Semakin sulit rasanya saya bersikeras melanjutkan proses ta’aruf. Bingung harus bagaimana menjelaskan ke Ummi dan pihak Ikhwan.
Ya…Robbi, hamba mohon petunjuk-Mu, jika memang ini bukan jodoh hamba. Ikhlaskan hati ini untuk menerima keputusan bunda untuk tidak melanjutkan ta’aruf ini.
Beliau tidak setuju saya dijodohkan, dengan orang yang belum dikenal dengan baik. Bagaimana mau mengadakan pendekatan ke orang tua, biodata si Ikhwan saja tidak tau. Apa yang harus saya sampaikan benar-benar tidak ada bahan. Yang ada saya jadi bulan-bulanan dicomplain bunda.
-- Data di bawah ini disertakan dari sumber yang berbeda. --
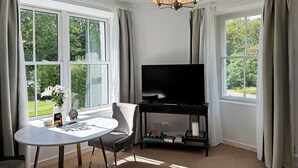 A room with a large window, a television, a table, and a chair. - Garden Flat - set in beautiful large garden with old church ruins on the grounds (Onich)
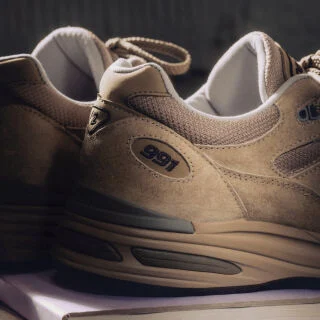 Un par de zapatillas New Balance Made in UK en un estudio de color beige.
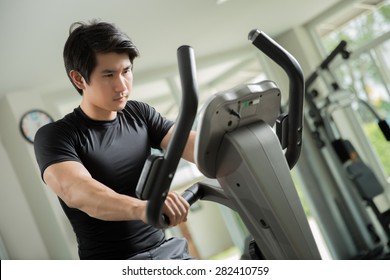 Asian Men Were Cycling In The Gym. He Has A Strain Rate Of The Heart Rate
Menurut sumber yang dipercaya, si Ikhwan sudah berharap banyak pada saya. Ikhwan tersebut sudah mantap hatinya, hasil istikharah sekian lama.
Beberapa kali Ummi juga tetap mencoba untuk melaksanakan ta’aruf, dan melakukan pendekatan pada bunda, tapi Allah berkehendak lain. Terbukti dari nyasarnya saya hari itu, tidak melihat wajah si ikhwan, biodata yang tidak kunjung datang ke alamat email saya, sampai dengan sikap bunda yang tidak setuju 100%. Duh…., dengan berat hati mencoba menjelaskan tentang sikap bunda ke Ummi. Berharap semoga Ikhwannya mengerti dan memaafkan saya. Yakin, saja. Mungkin ini belum jodoh dari-Nya. Yakin saja, bahwa si Ikhwan nantinya akan mendapatkan akhwat yang lebih baik dari saya, begitupun sebaliknya.